Ask HN: How do you combine writing and the skills you have - visopsys
I recently find writing is one of the most underrated skills for me. Part of the problems is the way writing was taught in my schools. It was uninspiring and had nothing related with what I wanted to do.<p>After seeing people around me successful at writing, I can see its benefit now. I have my writing started but keen to hear your experience here.<p>How do you combine writing and the skills you already have (programming, project management, etc) to build a successful career? Does writing matter to your career at all?
======
austincheney
Here is a recent comment I wrote on the subject that received 105 up votes:
[https://news.ycombinator.com/item?id=23018347](https://news.ycombinator.com/item?id=23018347)

My suggestion is to be purpose driven and use writing as your primary tool to
enable your goals. Also know that programming is a form of writing. As your
writing skills get stronger so will your programming and vise versa.

One way to get started at writing practice is to take a current tough
programming problem and think through it as much as possible before ever
putting fingers to keyboard. Build that vision in your mind. Consider the edge
cases, risks, and traps. When you are confident in the vision write down the
flow control in regular written language in a way that makes the most sense to
you.

Other people likely won’t understand your notes if they are just for you.
That’s ok. Knowing and speaking to your audience takes practice. The most
important thing right now is that you are practicing.

------
boberoni
Writing definitely matters to my career. There's some quote somewhere about
how writing clearly is akin to thinking clearly. Personally, I extend this
idea into _communicating clearly_. Career growth will be based on how
effectively you can get people around you to want to work on the same thing as
you, or support the same goals as you.

When you talk about "seeing people around me successful at writing", what
forms of writing are you referring to? Blogs and books? or, technical
specifications?

If you already have skills in, say, programming or product management, then
there's various ways to apply writing, and it all depends on your
circumstances.

My principles for writing boil down to "who is the audience", "who is the
writer", and "what is the purpose".

\- For example, if I'm writing a spec, then the _purpose_ will be to precisely
communicate the design of a project/feature.

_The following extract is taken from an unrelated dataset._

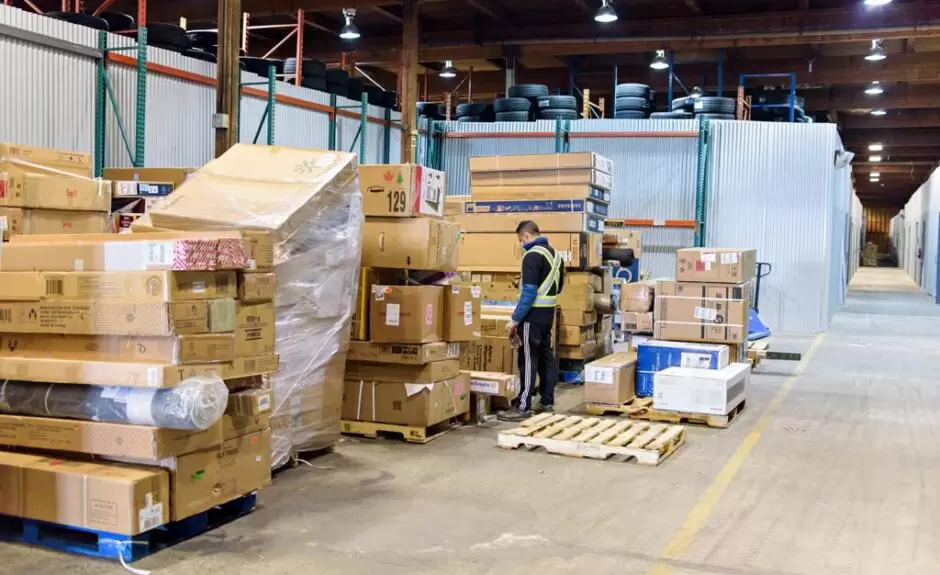 A warehouse full of boxes and pallets.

\- The _audience_ is the implementors. How you write for the audience is
related to UX (of the reader). It took me a long time to learn how to find the
right level of abstraction for specs, so I don't confuse the implementor with
details but still give enough guidance as to what the requirements are.

\- The _writer_ is obviously yourself, but who is writer _in the reader's
eyes_. Thinking in this way, I would establish myself as someone who has
understood the problem and carefully designed the solution (in contrast, I
don't want to give off that I have no idea what the problem space is). How you
portray the writer is related to credibility and trust. For tech specs, this
would likely involve references or links to your previous documents.

If you are writing for a blog, the audience, writer, and purpose will change.
Let me know if you want me to explain further.